The post I'm not a seismologist was about the kerfluffle coming for the paint manufacturers. (I've decided I don't much like the word, crisis, as the urge is to use it so often lately it begins to have the same force as the threat of terrorism color code of the day so from now on unless it's an actual crisis kerfluffle will stand in for the possibility of destruction, chaos and the imminent imploding of the known paintball universe.) The later post monopoly 101 was about the ongoing dialogue considering the prospect of the MS (and possibly) the PSP restricting event gear sales and usage to league sponsors only. What intrigues me about this pair of posts is what conclusions might be drawn from information already in hand. (That, and I get to rehash in greater detail topics already commented on because I never know when to stop.)
This off season's paint sponsorships will go a long way to predicting the viability of the pro game and teams for next season. Sponsorship was down last year and if the rumors and restructuring have any validity availability is likely to tighten further.
The current practice – restricting brands available to league sponsors – for selling paint at events would seem to make the case for extending that policy across the board. But it doesn't, not when examined in any detail. For starters paint is unique in that it's meant to be used up. Like buying a hamburger. Or keeping it to paintball, batteries. Your purchase assumes consumption and has no long term consequences. Unlike virtually everything else you might buy in order to play the game. Even so, paint choice isn't irrelevant and is frequently simply tolerated by non-sponsored teams who are more price sensitive than brand sensitive. And the current practice must raise the price of any case of paint regardless of how reasonable it may seem because the vendors have to not only cover their ordinary expenses but also the premium the league charges. And at this point in time that is becoming prohibitive for the vendors – end of the day their wallet is bare, too.

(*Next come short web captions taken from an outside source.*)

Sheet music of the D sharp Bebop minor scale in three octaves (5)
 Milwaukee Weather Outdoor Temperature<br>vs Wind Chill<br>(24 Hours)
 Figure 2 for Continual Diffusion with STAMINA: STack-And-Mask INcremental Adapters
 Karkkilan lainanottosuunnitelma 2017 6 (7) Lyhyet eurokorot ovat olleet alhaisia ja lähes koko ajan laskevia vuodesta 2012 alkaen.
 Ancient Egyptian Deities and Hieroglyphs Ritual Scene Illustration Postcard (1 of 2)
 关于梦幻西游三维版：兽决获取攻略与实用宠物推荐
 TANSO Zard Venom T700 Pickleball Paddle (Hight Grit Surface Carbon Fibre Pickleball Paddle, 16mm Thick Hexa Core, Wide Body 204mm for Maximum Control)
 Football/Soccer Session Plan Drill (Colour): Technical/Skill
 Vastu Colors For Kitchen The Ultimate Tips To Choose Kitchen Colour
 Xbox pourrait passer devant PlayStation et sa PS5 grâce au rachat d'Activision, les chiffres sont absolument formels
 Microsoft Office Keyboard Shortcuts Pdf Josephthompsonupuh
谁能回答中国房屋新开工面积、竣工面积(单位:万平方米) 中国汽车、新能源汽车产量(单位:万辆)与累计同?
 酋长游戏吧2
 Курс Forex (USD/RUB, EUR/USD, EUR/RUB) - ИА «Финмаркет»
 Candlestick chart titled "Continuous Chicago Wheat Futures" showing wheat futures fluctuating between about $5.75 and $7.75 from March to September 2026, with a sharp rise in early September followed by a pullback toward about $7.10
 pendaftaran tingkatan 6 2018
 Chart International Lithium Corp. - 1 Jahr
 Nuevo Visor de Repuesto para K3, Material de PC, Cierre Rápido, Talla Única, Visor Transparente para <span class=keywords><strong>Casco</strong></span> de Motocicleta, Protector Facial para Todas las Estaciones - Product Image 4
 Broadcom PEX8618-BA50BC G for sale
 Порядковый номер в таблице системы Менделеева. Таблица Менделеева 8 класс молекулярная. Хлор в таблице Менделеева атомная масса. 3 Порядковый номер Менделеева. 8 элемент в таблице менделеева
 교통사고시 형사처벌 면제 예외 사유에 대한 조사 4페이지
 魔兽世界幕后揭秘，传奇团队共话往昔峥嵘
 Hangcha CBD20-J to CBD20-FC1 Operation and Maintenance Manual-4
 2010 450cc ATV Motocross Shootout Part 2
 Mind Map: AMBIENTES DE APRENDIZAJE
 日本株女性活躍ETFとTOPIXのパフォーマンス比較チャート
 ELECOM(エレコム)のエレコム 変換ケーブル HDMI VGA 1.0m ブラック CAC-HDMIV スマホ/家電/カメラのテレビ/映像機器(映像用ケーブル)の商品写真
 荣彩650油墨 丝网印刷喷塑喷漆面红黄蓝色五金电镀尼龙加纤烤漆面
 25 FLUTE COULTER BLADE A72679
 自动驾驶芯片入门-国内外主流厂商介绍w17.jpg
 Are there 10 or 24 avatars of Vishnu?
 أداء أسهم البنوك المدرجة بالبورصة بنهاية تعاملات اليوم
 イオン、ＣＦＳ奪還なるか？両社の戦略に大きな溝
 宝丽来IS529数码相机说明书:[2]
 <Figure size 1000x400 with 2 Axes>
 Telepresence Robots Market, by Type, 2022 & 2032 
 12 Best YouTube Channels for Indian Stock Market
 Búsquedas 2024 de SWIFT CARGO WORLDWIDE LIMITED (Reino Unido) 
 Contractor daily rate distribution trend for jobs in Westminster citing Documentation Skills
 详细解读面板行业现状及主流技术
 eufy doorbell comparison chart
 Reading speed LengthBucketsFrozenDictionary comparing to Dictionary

The larger problem is the old economies are failing to apply anymore. As everyone gets squeezed it becomes harder and harder to make the process, at any stage, profitable.
Instead the place Big League paintball finds itself is with the leagues facing unpredictable but almost certainly tougher times (think Richard Harris in A Man Called Horse) in the immediate future in part because of the precarious position of the paint manufacturers. In an environment where mid-sized and small vendors struggle to justify participating in Big League paintball instituting sponsor only restrictions across all paintball related gear sales and use is suicidal folly. The rationale with paint was to justify the promotion charging the paint manufacturers for the right to sell at the event. [The leagues can't charge the sellers for the right to sell if somebody who doesn't pay can sell, too.] Not only won't that work to improve league revenues with respect to gear it will drive all but a handful of heavily invested vendors away as well as some (probably significant) number of teams and players beyond the likely losses from the economic downturn. Beyond that it will raise the bar on future participation to a prohibitive level that will keep business and teams away.
Among other things it badly misjudges the current market trends and the value of participating in Big League paintball at every level.

Kay, I think that (hopefully) dead horse has been thoroughly and sufficiently beaten.